Each player account could store up to three characters at one time.

===Classes===
All characters began the game as a "Novice" until fifth level, at which point the player chose one of six specialized classes. Class determined how many hit points and mana points characters received at each level, what equipment they could use, and which skills they could buy. Characters that reached tenth level in a class could become "reborn" and restart in another class at level one. Available classes were:

- Hwarang – The elite warriors of Monato Esprit, focusing on offensive melee combat. They fight with two-handed swords for maximum damage, and wear metal armor. Their skills include powerful sword strikes and elemental attacks. The class is based on the historical warrior society of Korea.
- Templar – A society of powerful guardians who are charged with defending temples and other holy places. Templars specialize in defensive combat, wielding swords and shields and wearing metal armor. Their skills include powerful strikes as well as defensive enchantments that make them almost impossible to injure. The class is based on the medieval military order.
- Mage – Masters of the four elements, Mages wield destructive magic. Their skills include long-range attack spells as well as enchantments that augment their offensive potential. They are physically weak, however, and only wear cloth armor. Their staffs serve as melee weapons and also increase the power of their spells.
- Cleric – Holy caretakers of the dreamworld, Clerics use the healing power of dreams to protect and restore the wounded. This class serves a vital support role in any party, casting enchantments to protect and heal party members. Clerics are not particularly suited to melee combat. They wear cloth armor and wield wands that heighten the power of their magic.
- Sheriff – These dedicated peace officers bring justice to the wild places in the dreamworld. Sheriffs specialize in long-range combat with firearms, and are the only Archons who are trained to use them. This class is based on the gunslinger archetype of the American Old West.
- Harlequin – Cunning rogues who wander the dreamworld in search of adventure. Harlequins are known as much for their showmanship as their power, fighting with such daring that every combat becomes a work of art. This class is loosely based on the comical theater characters.

==In-game economy==
Monato Esprit was the first MMO to use the e-currency MetaTIX. Players purchased MetaTIX and used them like admission tickets to gain entrance to special areas in the world and purchase various services such as teleportation. MetaTIX also served as the in-game currency for the world of Monato Esprit, much like "gold" in other MMOs, and could be used to purchase items from other players. There wereare no merchant NPCs in the game world, so all trade was conducted between players. This system allows the player community to determine items' value and regulate the economy without developer interference.

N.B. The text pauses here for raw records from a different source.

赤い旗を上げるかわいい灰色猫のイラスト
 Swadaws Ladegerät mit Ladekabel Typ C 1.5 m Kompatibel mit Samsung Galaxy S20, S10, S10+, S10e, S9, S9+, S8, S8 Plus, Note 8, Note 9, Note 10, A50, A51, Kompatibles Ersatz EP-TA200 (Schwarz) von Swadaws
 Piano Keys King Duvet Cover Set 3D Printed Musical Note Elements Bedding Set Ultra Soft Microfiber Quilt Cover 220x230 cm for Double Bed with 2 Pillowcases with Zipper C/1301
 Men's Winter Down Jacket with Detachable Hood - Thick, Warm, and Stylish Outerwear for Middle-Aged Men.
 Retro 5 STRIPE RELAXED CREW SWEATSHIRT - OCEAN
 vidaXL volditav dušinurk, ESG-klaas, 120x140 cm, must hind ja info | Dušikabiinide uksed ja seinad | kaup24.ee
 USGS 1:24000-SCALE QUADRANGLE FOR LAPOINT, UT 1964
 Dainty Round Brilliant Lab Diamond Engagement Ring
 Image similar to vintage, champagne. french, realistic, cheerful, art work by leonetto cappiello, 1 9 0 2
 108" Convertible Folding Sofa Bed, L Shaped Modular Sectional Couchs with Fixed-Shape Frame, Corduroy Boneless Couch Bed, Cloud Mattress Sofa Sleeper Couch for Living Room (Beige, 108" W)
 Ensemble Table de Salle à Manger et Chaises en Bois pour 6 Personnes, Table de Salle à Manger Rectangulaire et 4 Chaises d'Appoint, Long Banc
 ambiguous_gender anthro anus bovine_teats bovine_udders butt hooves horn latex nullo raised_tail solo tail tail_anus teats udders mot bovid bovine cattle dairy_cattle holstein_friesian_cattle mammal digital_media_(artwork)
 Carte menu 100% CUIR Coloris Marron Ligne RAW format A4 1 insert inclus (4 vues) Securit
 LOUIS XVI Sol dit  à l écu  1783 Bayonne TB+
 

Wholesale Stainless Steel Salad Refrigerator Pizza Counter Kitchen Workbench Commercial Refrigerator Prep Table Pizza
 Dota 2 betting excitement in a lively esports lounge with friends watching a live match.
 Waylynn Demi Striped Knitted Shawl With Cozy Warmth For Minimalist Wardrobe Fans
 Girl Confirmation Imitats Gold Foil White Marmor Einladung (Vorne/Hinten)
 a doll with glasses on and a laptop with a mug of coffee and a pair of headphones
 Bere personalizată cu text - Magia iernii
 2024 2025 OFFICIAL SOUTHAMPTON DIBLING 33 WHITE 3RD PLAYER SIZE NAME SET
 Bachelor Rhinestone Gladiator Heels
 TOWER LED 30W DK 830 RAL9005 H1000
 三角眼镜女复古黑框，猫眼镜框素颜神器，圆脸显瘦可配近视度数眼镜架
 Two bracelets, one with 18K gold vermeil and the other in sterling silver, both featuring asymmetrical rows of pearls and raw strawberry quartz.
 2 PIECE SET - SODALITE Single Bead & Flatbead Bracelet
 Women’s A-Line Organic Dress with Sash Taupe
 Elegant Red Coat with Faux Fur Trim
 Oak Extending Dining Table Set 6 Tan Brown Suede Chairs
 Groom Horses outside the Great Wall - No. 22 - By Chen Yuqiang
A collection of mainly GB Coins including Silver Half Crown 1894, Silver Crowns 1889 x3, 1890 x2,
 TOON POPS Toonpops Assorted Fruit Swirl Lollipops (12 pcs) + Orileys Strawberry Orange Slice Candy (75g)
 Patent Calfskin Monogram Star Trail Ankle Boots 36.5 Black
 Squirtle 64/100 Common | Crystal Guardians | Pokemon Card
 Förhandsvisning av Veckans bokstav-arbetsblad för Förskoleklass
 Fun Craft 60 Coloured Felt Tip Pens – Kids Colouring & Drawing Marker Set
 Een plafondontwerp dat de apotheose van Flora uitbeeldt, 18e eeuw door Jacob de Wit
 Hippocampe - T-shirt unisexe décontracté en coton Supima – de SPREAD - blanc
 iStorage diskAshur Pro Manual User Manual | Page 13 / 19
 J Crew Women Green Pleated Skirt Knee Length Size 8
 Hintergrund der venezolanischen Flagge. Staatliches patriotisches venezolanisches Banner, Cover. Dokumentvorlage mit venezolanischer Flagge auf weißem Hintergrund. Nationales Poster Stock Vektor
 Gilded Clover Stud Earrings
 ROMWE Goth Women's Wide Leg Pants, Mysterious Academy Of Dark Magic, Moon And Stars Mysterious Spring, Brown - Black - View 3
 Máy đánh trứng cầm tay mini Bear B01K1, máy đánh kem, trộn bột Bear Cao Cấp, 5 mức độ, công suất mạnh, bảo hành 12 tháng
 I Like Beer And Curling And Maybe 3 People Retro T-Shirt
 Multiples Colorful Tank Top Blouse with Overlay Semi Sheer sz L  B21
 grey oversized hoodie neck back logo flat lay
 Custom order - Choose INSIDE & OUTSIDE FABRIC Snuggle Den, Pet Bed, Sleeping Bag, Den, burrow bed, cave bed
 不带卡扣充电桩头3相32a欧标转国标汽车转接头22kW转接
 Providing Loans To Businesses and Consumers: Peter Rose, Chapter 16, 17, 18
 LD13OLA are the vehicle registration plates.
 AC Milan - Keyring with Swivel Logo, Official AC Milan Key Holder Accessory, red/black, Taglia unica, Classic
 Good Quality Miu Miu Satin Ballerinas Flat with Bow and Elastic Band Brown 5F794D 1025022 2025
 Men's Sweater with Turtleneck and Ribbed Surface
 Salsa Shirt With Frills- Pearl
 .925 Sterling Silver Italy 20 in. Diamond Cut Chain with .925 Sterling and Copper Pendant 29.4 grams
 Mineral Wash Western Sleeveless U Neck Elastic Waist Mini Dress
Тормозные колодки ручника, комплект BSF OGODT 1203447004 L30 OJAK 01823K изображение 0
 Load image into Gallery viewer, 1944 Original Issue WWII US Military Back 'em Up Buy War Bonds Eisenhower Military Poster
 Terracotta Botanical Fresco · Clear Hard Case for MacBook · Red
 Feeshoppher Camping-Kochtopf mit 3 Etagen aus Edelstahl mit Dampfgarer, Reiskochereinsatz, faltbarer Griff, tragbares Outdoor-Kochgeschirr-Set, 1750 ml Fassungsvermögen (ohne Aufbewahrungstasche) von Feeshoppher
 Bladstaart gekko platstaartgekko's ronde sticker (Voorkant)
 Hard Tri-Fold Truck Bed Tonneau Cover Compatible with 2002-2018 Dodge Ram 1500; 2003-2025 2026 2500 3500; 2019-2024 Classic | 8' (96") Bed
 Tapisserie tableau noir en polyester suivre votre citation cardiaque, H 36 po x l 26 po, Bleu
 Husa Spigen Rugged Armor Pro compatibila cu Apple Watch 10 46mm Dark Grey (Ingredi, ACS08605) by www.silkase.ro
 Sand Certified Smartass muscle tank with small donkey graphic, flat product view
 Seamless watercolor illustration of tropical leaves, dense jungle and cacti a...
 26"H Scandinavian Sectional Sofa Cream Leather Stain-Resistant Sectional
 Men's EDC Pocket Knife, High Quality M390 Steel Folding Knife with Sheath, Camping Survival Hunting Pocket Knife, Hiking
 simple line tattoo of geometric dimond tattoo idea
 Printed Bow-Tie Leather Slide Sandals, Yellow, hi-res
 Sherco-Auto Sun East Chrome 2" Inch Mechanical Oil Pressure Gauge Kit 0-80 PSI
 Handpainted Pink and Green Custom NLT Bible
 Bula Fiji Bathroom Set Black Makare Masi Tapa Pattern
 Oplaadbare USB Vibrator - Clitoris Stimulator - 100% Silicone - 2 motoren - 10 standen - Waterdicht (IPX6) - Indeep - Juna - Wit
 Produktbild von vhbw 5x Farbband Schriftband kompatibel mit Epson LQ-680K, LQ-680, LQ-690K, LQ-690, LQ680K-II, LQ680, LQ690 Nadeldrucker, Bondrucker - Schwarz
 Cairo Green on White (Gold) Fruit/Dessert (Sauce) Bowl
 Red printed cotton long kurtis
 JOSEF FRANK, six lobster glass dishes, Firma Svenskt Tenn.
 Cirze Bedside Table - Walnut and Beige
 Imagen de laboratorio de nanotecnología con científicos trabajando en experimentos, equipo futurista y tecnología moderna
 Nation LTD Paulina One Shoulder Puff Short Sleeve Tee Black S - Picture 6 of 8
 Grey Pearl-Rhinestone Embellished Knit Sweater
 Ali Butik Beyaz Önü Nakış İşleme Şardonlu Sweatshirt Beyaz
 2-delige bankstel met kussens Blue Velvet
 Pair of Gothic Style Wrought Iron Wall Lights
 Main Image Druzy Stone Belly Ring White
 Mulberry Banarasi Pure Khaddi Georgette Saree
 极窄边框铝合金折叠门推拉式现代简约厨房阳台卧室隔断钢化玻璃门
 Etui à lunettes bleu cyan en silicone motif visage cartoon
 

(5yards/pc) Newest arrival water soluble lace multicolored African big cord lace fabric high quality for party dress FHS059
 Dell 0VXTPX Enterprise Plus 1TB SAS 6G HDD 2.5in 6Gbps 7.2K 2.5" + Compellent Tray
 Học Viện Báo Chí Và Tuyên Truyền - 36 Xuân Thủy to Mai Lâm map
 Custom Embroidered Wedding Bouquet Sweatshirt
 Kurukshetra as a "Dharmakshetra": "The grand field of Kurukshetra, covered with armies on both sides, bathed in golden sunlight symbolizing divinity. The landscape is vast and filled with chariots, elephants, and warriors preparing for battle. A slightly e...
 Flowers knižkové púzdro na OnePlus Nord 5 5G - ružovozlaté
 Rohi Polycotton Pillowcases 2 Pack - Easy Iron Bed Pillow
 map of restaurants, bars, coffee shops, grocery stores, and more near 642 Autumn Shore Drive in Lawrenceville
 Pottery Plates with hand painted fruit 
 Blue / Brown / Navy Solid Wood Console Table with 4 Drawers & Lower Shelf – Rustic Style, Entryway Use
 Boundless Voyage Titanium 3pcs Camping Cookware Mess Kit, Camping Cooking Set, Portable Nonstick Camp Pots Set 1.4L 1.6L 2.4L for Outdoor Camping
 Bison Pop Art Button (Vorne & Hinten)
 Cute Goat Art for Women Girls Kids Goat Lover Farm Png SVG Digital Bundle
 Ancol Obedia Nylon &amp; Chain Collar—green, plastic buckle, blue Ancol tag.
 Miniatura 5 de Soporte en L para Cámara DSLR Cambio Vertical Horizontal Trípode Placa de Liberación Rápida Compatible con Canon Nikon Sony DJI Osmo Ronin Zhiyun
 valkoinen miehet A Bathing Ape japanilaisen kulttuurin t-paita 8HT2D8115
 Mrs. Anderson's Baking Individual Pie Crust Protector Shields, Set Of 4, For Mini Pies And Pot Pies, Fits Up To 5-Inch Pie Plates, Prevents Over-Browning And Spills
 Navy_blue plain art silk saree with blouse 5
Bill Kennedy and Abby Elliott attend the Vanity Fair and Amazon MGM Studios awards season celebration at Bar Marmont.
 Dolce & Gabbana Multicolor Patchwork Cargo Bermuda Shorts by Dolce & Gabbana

The economic system in Monato Esprit was based on the research of Edward Castronova into the real world economy at work in EverQuest. Castronova discovered that a unit of currency in Norrath was worth more than the Yen or Lira, and playing EverQuest yielded more wealth per hour than the average wage of a Bulgarian worker. While other MMOs such as EverQuest and World of Warcraft attempt to restrict players from earning profit through gaming, Monato Esprit hads built the concept into the game itself. Players could use the profits they earned in Monato Esprit to buy and play new games that accepted the currency.

==Production==
Monato Esprit was under development by the Korean company Gamasoft. The English language release was being published by Reality Gap, Inc. The Russian language release was being published by IT Territory, LLC (part of Astrum Online Entertainment holding). The game reached open beta stage of development before it was shut down.